- _WORK INSTRUCTION_: Leave every image out, and print the remaining lines below exactly.

- _THE DATA_:
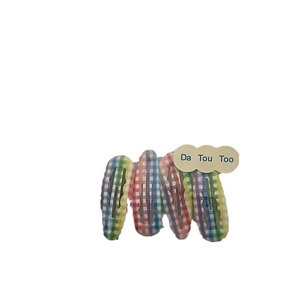 Lot de 4 barrettes à cheveux à carreaux colorés de style preppy pour filles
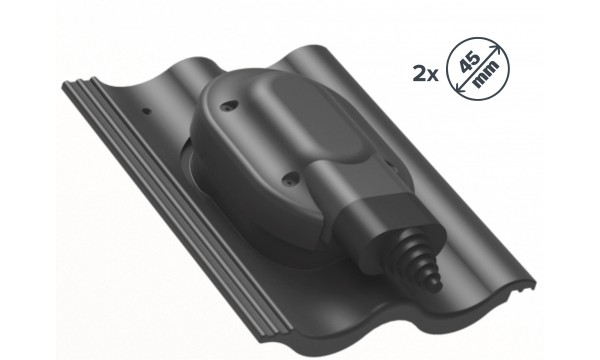 Saulės kolektorių praėjimo elementas betoninių čerpių stogo dangai 2x45mm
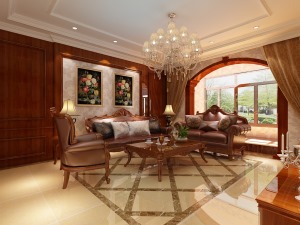 北京雅腾装饰-美式风格客厅案例设计效果图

- _YOUR SOLUTION_:
 Lot de 4 barrettes à cheveux à carreaux colorés de style preppy pour filles
 Saulės kolektorių praėjimo elementas betoninių čerpių stogo dangai 2x45mm
 北京雅腾装饰-美式风格客厅案例设计效果图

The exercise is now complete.